Oh, and though shrimp scampy is normally made with pasta, so that the shrimp "sauce" coats the noodles, I simply spooned the pan liquor over the rice before placing the shrimp in a ring around the rice mound on the plate.  Steamed and buttered carrots rounded out the flavor.  It was a very good meal that my DW enjoyed.  Again, thanks.

Seeeeeeya; Chief Longwind of the North


----------



## msmofet (Sep 14, 2012)

I have no desire for another gadget to cook rice. My rice turns out good without a rice cooker on top of stove. In a saucepan, bring 2 cups water or broth/stock to a boil. Stir in 1 cup of rice, 1 teaspoon salt. Cover and bring back to boil. Reduce heat and simmer for 15 minutes. Turn heat off, fluff, cover and allow to sit till any liquid is absorbed.
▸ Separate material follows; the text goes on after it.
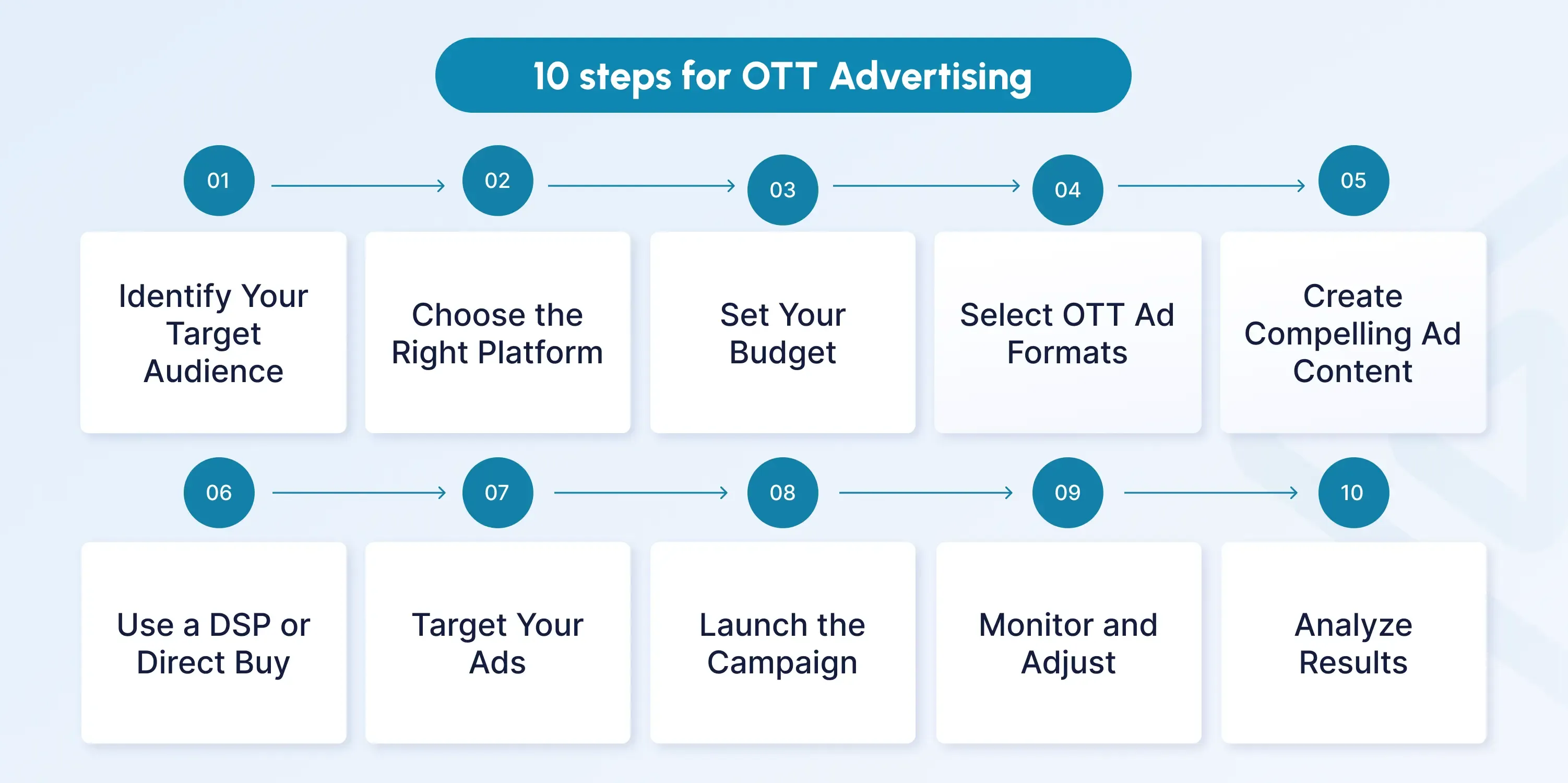 ott advertising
I never rinse any rice and it turns out wonderful.


----------



## bakechef (Sep 14, 2012)

I've rinsed and not rinsed and I've never noticed a difference.  So now I don't bother to rinse.  I also get great results in a saucepan, I don't eat rice often enough to justify a separate appliance.  I have a Japanese friend who eats rice daily and it's a very handy appliance for him.


----------



## PrincessFiona60 (Sep 14, 2012)

bakechef said:


> I've rinsed and not rinsed and I've never noticed a difference.  So now I don't bother to rinse.  I also get great results in a saucepan, I don't eat rice often enough to justify a separate appliance.  I have a Japanese friend who eats rice daily and it's a very handy appliance for him.



My rice cooker gets a work out every week.  Weekly batches of: 6 cups of rice, 6 cups of steel cut oats, 4 cups of Tapioca pudding.  I have also done barley and lentils in it.  What finally sold me on getting an electric pressure cooker was that I would be able to use it like a rice cooker, too.  AND I found a good home for the rice cooker!


----------



## bakechef (Sep 14, 2012)

Hmmm, that does sound like a handy appliance.  I keep thinking that I'll do a big batch of steel cut oats and eat it all week, but I've never gotten around to doing it.  I just eat my old fashioned oats


----------